After a grim start to the so-called ‘golden quarter’ for retailers, chains will be pinning their hopes on a bumper Black Friday and Cyber Monday at the end of the month to get Christmas back on track. The figures sparked renewed concerns about the health of the economy – piling pressure on Chancellor Jeremy Hunt to act in the Autumn Statement next week.
It also triggered fresh speculation over when the Bank of England will cut interest rates even as the central bank’s deputy governor warned further hikes may be required to tame inflation.
Bets on financial markets suggest there is a more than one in three chance of the first reduction coming in May and a near-70 per cent chance rates will have fallen from the current level of 5.25 per cent to 5 per cent or lower by June.
Those bets were reflected on the bond markets as the yield on ten-year gilts – a key measure of government borrowing costs – fell towards 4 per cent.
That was the lowest level since May and down from peaks of around 4.75 per cent in August when it was feared the Bank was readying to raise rates yet again.
Two-year gilt yields also fell below 4.5 per cent having been above 5.5 per cent in July.
Analysts said the slide in bond yields was likely to lead to further cuts in mortgage rates in a boost for millions of borrowers.
‘Where government bond yields lead, mortgage rates tend to follow,’ said Laith Khalaf, head of investment analysis at AJ Bell, adding: ‘Interest rate expectations are bouncing around like a jelly on a trampoline, and taking bond prices with them.

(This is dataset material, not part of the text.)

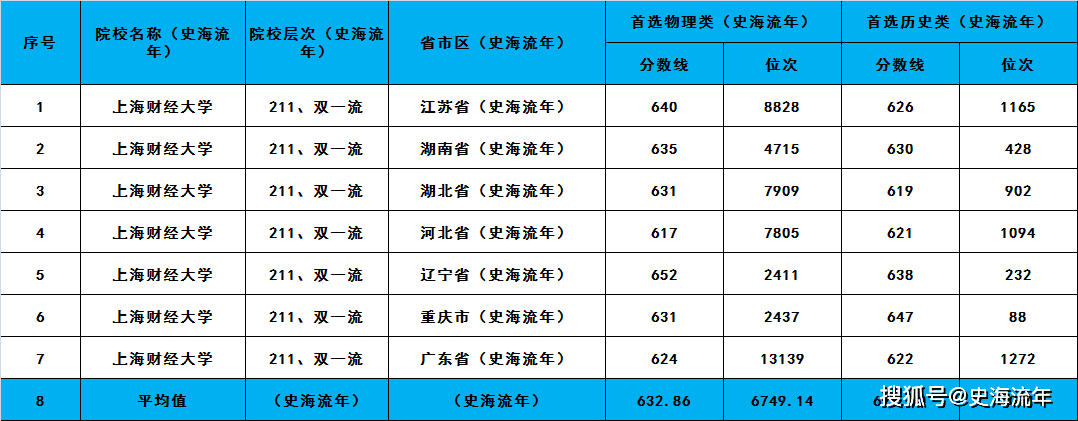高考难度排行_高考难度的“六个梯队”,四大直辖市令人羡慕,山河四省却惨了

Right now the market is getting excited about interest rate cuts, but it may yet be disappointed.’
Investors have been ramping up bets on rate cuts since official figures this week showed inflation fell sharply from 6.7 per cent in September to 4.6 per cent in October. It was the biggest drop since 1992. But inflation remains well above the 2 per cent target, prompting Bank of England officials to caution that an early rate cut is highly unlikely.

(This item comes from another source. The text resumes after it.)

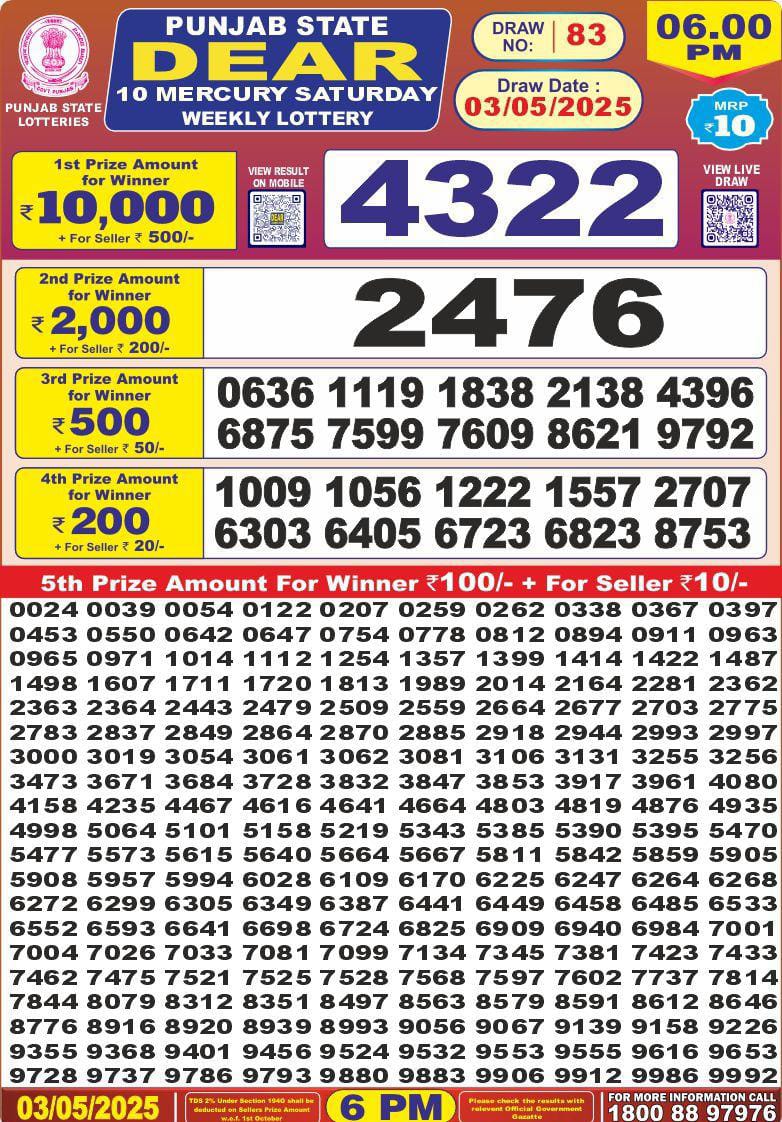 Dear Lottery Chart 2024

Bank officials have been battling to quash talk of early rate cuts with monetary policy committee member Megan Greene this week warning that financial markets globally ‘haven’t really clocked’ that borrowing costs will need to remain ‘restrictive’ for quite some time.
In a speech yesterday, deputy governor Dave Ramsden said he ‘would not rule out’ having to raise rates further if ‘more persistent inflationary pressures’ emerge.
The comments underlined the gulf between the rhetoric coming out of Threadneedle Street and the views of economists and traders.
A report by Goldman Sachs this week suggested rates could be cut as soon as February if the economy enters recession.
Victoria Scholar, head of investment at Interactive Investor, said: ‘While higher-for-longer interest rates appear to be the most likely outcome over the coming months, rate cuts look set to begin next year, bar any major spikes in inflation.’
The Bank has raised rates from a record low of 0.1 per cent to a 15-year high of 5.25 per cent in a desperate battle to bring inflation back under control. Inflation has fallen from a peak of 11.1 per cent in October last year to the current level of 4.6 per cent but remains above the 2 per cent target.
Martin Beck, chief economic adviser to the EY Item Club, said the fall in retail sales showed ‘the impact of higher interest rates is building’.